SV: You’re more familiar with a broad range of sounds.
Dessa: Yeah. I know what an 808 is, and now I know what a stand up bass is. I know what a lute is, right? So you can more precisely pick your poison and pick your scalpel off the tray. So for the next disc, I’m just going to trust my gut. Like when I came out with A Badly Broken Code, certain people on my team were like, “I like these songs, but you can’t put them on the same album. You can’t have some hymn-sounding shit and a rapping brag track.” I understand the concern, and I don’t think it was ill-founded, but I think people are more concerned whether or not music is good than what to call it, the genres of it. So I figure I’ll just make the best fifteen songs I can, and I’ll trust that there is some sense of cohesion in them, because they came out of the same time of my life, and I’m thinking the same thoughts, and I have the same voice and the same mind. So if I’m just true to the experience, then magically a them will emerge that will unify them.
SV: Which is what made your last album work so well.
Dessa: So I’m going to try. I don’t want to think about it too hard.
SV: You don’t want to be too self-conscious...
Dessa: About it. Because then you’ll get weird about it. So that’s what’s I’m trying to do. Make fifteen or sixteen really fucking great songs, and then pick like the thirteen best, and include them on the disc. And sequence them carefully enough so that if there are big sweeps in mood or sound, the listeners are ushered there gradually enough so not to be jarred.
SV: You’ve got a short tour lined up, and then the Blowout at the end of the year. Is there pressure to out do yourself from last year?

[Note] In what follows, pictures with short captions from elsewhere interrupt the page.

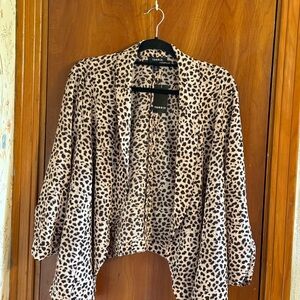 Torrid Animal Print Cardigan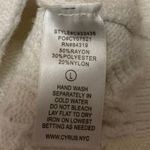 Cyrus  Womens White Cable Knit Button Front Long Sleeve Cardigan Sweater Top Sz L Photo 3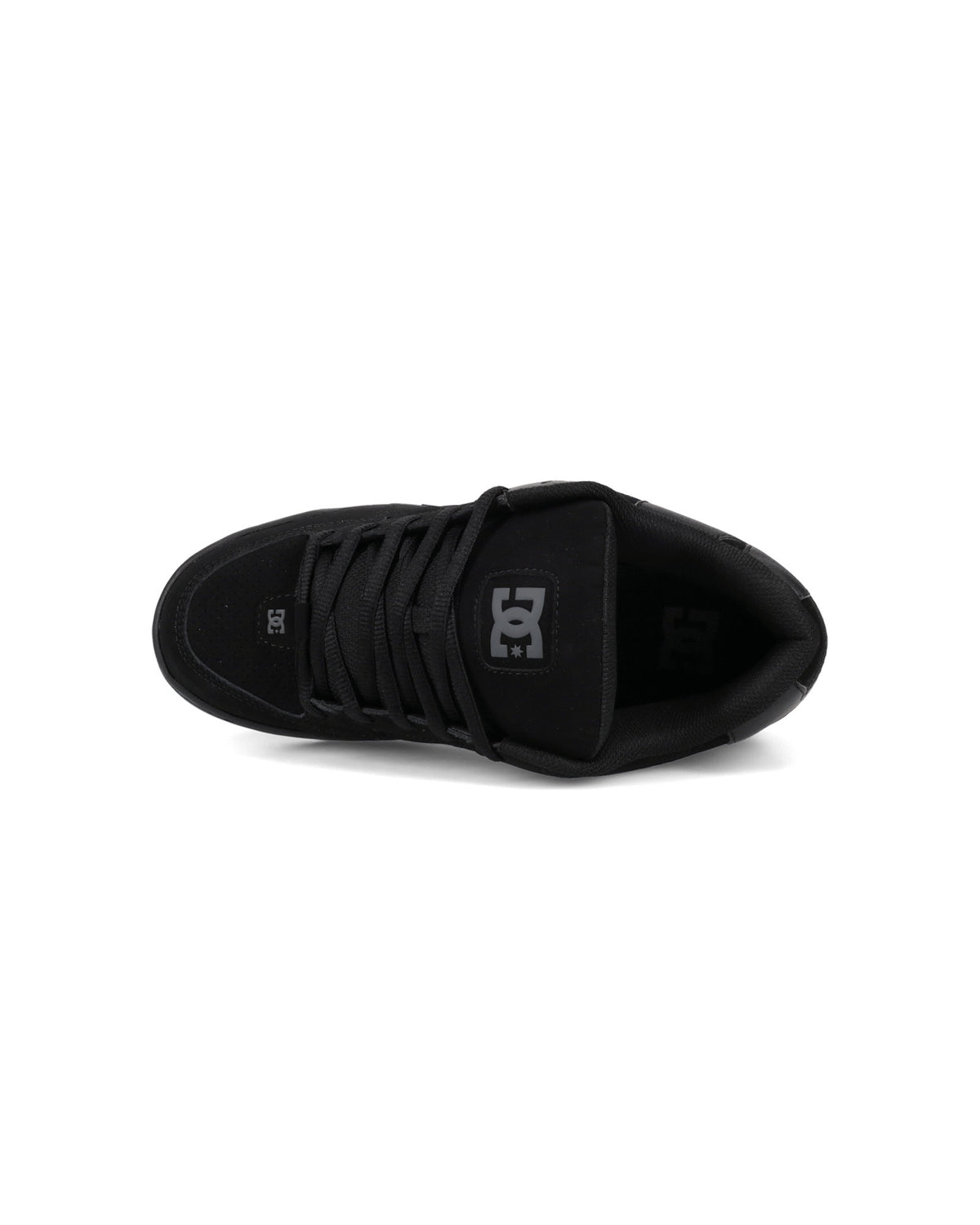 Chaussures de skateboard Dc shoes Dc Command (004) Black/Black, vue du dessus

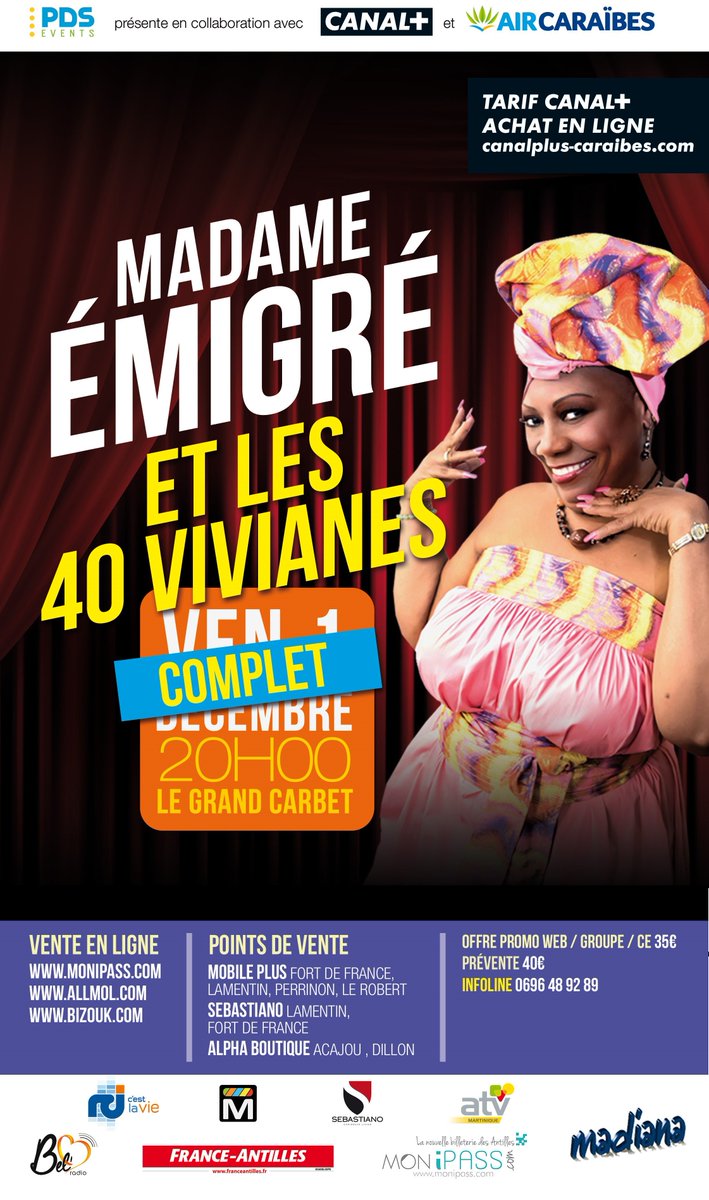 DjadProduction's tweet photo. Le spectacle de Viviane Émigré est COMPLET ce Vendredi 1er Décembre! #Complet #DjadProduction https://t.co/iXTtxSX3F4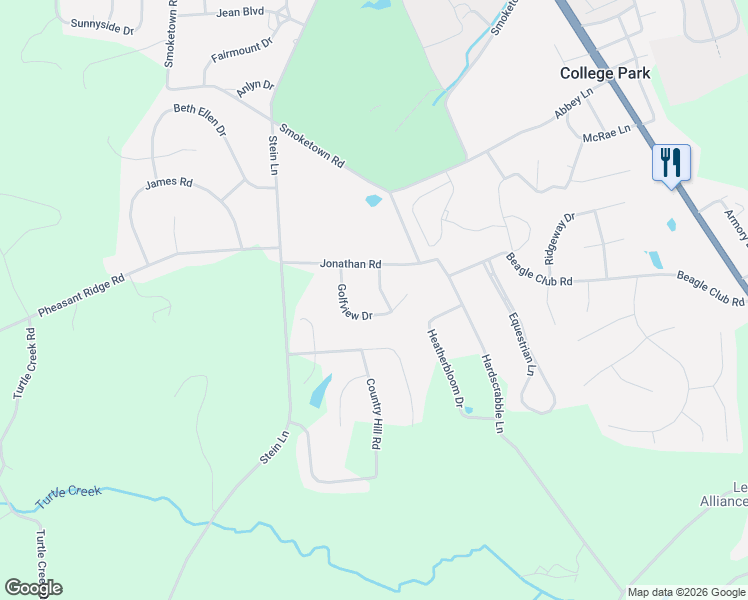 map of restaurants, bars, coffee shops, grocery stores, and more near 70 Fairway Drive in Lewisburg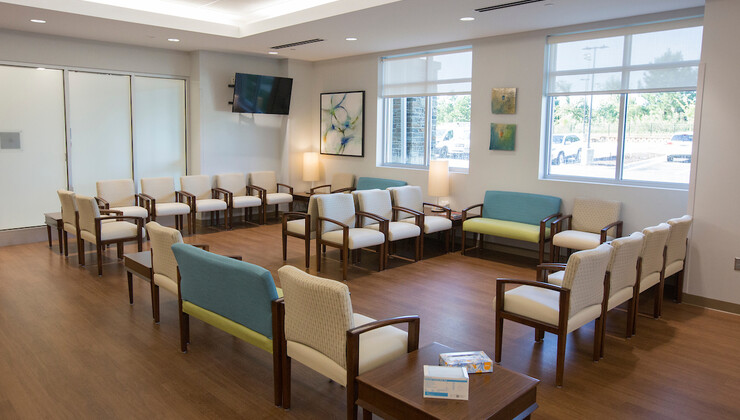 Duke Urgent Care Heritage sala de espera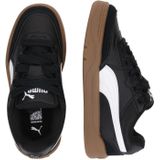 Sneakers - Gevoerd - Leer - Zwart - Materiaalmix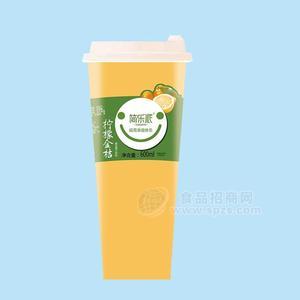 簡(jiǎn)樂(lè)派杯裝風(fēng)味果汁飲料檸檬金桔口味招商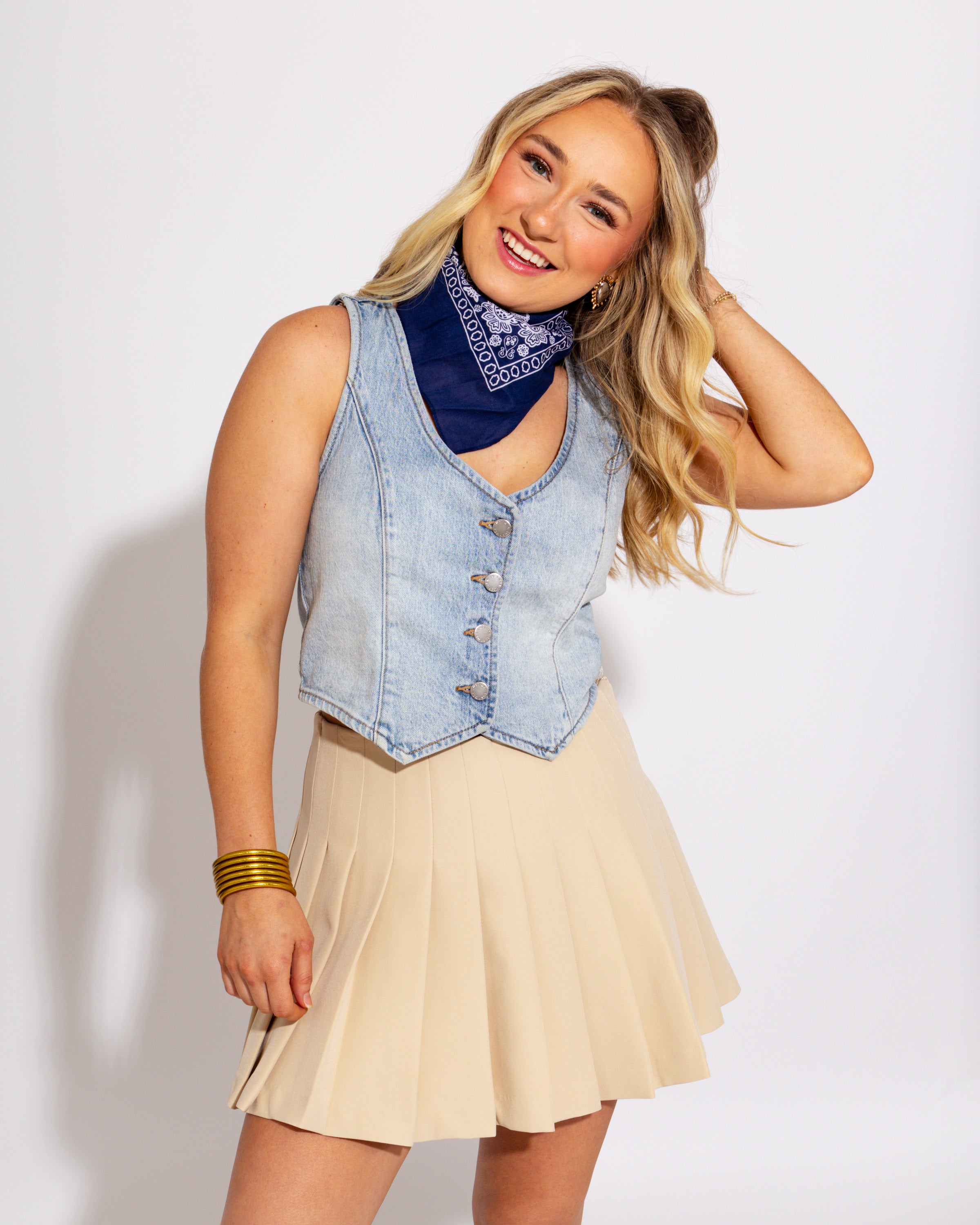 Game Day Essential Classic Denim Vest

Dessa: Oh yeah dude. We paint ourselves into a corner. Absolutely. Each year we try to outdo the last, and this is the first year where I’m like, “Maybe we should be careful about how much we outdo last year, because we’ll make it so much harder the next. So this year, we upped the ante considerably. So The Blowout is an end of the year label showcase that we always do, which is like non-stop, full throttle, Doomtree cats all night long. You know, all out. So this year, we’re doing five nights at a little room that holds two or three hundred people. That’ll be curated buy each of the five emcees. So I got Tuesday night. We rolled the dice on an iPhone. Then we finish back-to-back nights in a really big room that holds like 1800 people. So it’s a lot of bodies. We have a lot of work to do to fill that up. If you try to hit a bigger mark each year, then there are no laurels to be rested upon. Every year you gotta grind hard, and harder yet.
SV: It seems like it’s been paying off the last couple of years.
Dessa: The last couple of years have been awesome! But of course, now it’s so much bigger than, just larger enough to get nervous about. Like last year was dope, but this year is bigger, so you gotta grind to fill it up.
SV: Finally, if there are three artists you could work with, who would it be?
Dessa: Bertrand Russell, David Foster Wallace, and Bach.